This is not entirely accurate. The way Super resolution works with Lightroom is similar to Topazx Lab's approach to reconstruct detail using AI,a nd if you have a RAW source image to work with then the results are at their best as RAW retains a lot of information deep within the capture that isn't always visible at the surface.
Photoshop's Enhance Details feature is AI powered too but simply sharpens the image using AI, Super Resolution in Lightroom uses AI to quadruple the resolution and rebuild detail that might otherwise be there if the original source was that same 104MP image taken with a higher MP sensor. Take a look at the fine detail in the bride's dress lower on the image where the sunlight hits it, the mesh detail isn't clear on the 26MP version, but it is clear on the 104MP upscaled image as it's been reconstructed accordingly and accurately - There is no sharpening applied here to simply enahcne details to give the illusion of better detail.
Because again its not recreating extra detail more than the original image which in the case are the RAW files. You could always get a better upscaled image using old fashioned upscaling from RAWs than starting with a jpeg file. But even in your case that is more to do with the jpeg engine in the camera being limited.
All the machine learning is doing is just refining the algorithm. Just look at DxO DeepPrime which uses machine learning to help clean up noise very well. It all has it's uses but what I have an issue is people act like it can make NEW details.
You can't make new details out of the photo file you are basing the image on.All you can do is help extract 100% of the detail,and machine learning can help. But outside that it's just an estimation of what it might look like if you use a better imaging device. The only way to resolve that scene with more detail is to use better equipment.
CSI has a lot to answer for!
Or do you think all the professional photographers will just stick with a 16MP D7200 and never upgrade to a higher resolution system? They could pass everything through the upscale filter and never upgrade again. You know very well that won't happen!

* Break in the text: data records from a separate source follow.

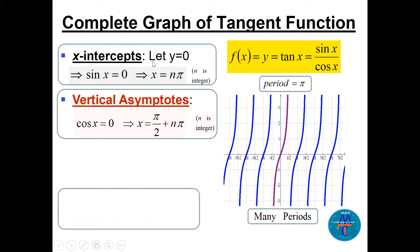To find the x-intercepts, set y equal to zero. Since tan x equals sine x over cosine x, setting y = 0 means sine x equals zero. We have seen that sine x = 0 when x = n·pi, where n is an integer. For the vertical asymptotes, set the denominator equal to zero: cosine x = 0 gives x = pi over 2 + n·pi, where n is an integer.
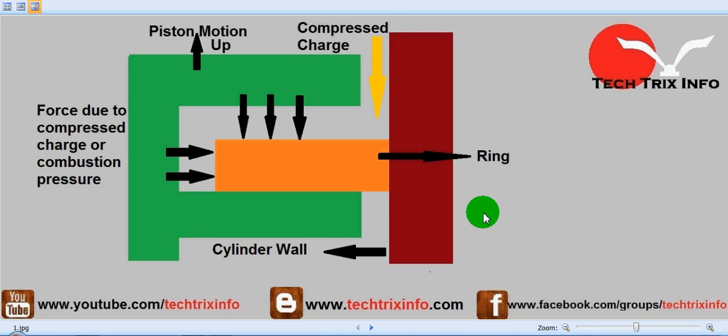Hi, today we will be learning about the working of a compression ring inside an engine. As you all know, the function of the compression ring is to provide proper sealing and also transfer of heat from the piston crown to the cylinder walls. The function of this compression ring will be explained in this video.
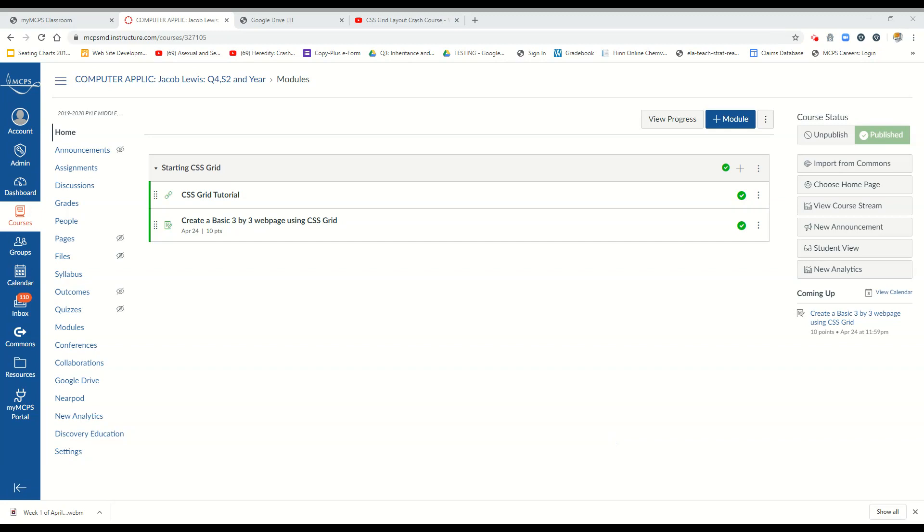This is something I had planned for Marking Period 4 and it's what we're going to be working on for all of Marking Period 4. We have about eight lessons that we're going to structure out with this. Today the first start is literally just getting our feet wet with CSS Grid.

Not even smartphone photographers would do that. More MP,more lenses,more everything!
Marketing bandies around terms and it actually annoyed people I knew who were computing guys. They always called it machine learning,so when marketing keeps calling it AI,they started getting vexed repeatedly!
This is why I think we are probably argueing two things - so best to leave it at that!
My point is this, there are many variations of these technologies, the way they are implemented matter the most, you can't have a low quality source image (DLSS at 1080p) and expect a 1080p output reconstruction to the same quality as a native 1080p image because the source internal render image is way too low res. But give the AI a suitably details source image, and it can do much much more and actually generate a perfect image as demonstrated with all these DLSS comparison videos being posted online.
In an ideal world everything would be native and run great in games, but we don't have an ideal world currently, but even then we'd still need a superior AA solution at native to combat jaggies, and no in-game internal AA solution is really that good or efficient for today's games, either always too soft, or too whacky for temporal stability. DLSS appears to resolve the shortfalls of inefficient AA so for that alone it's well worth implementing in a game properly, plus we all get free fps gains in the process so what's not to like.
My big issue is Nvidia using it to upsell crap like the RTX4060TI. If the RTX4070 had been the RTX4060TI we had all expected for closer to £400,then DLSS,FG,etc would be an additional selling point on top.
I dislike its becoming the main selling point.